== Supplied information
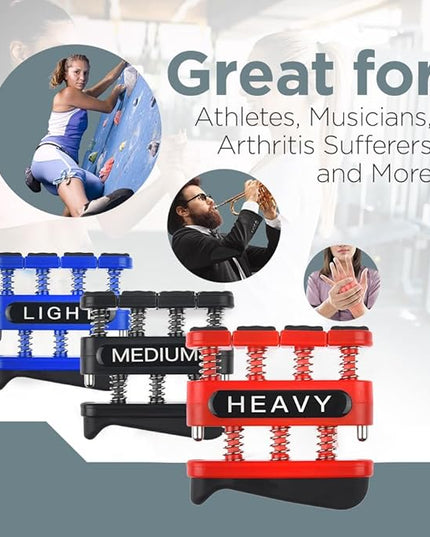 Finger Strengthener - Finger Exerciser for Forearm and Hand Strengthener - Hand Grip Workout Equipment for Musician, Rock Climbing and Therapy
====
== Supplied information
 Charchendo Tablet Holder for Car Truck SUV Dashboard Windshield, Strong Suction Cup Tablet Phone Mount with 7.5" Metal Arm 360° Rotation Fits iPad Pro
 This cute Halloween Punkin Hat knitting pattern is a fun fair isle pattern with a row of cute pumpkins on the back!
====
== Supplied information
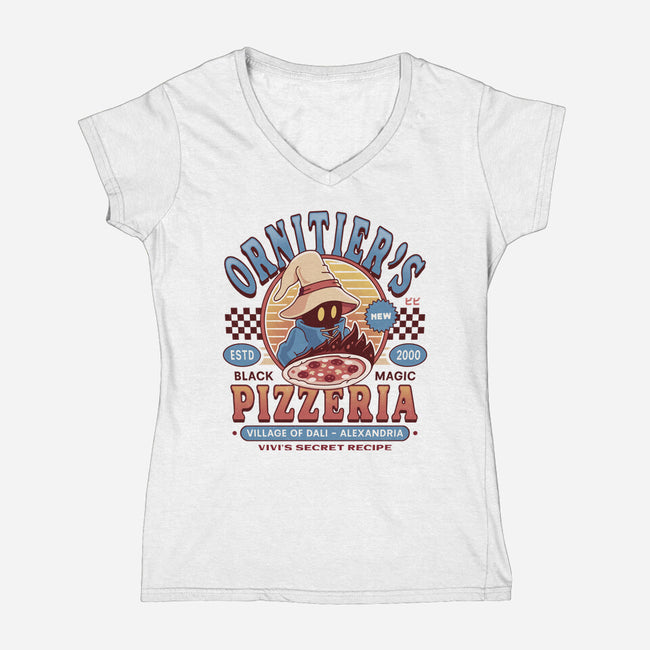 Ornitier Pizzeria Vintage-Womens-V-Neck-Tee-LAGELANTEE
====
## Work to complete
Show every line in the records above that contains the word "with".

## Exercise result
 Charchendo Tablet Holder for Car Truck SUV Dashboard Windshield, Strong Suction Cup Tablet Phone Mount with 7.5" Metal Arm 360° Rotation Fits iPad Pro
 This cute Halloween Punkin Hat knitting pattern is a fun fair isle pattern with a row of cute pumpkins on the back!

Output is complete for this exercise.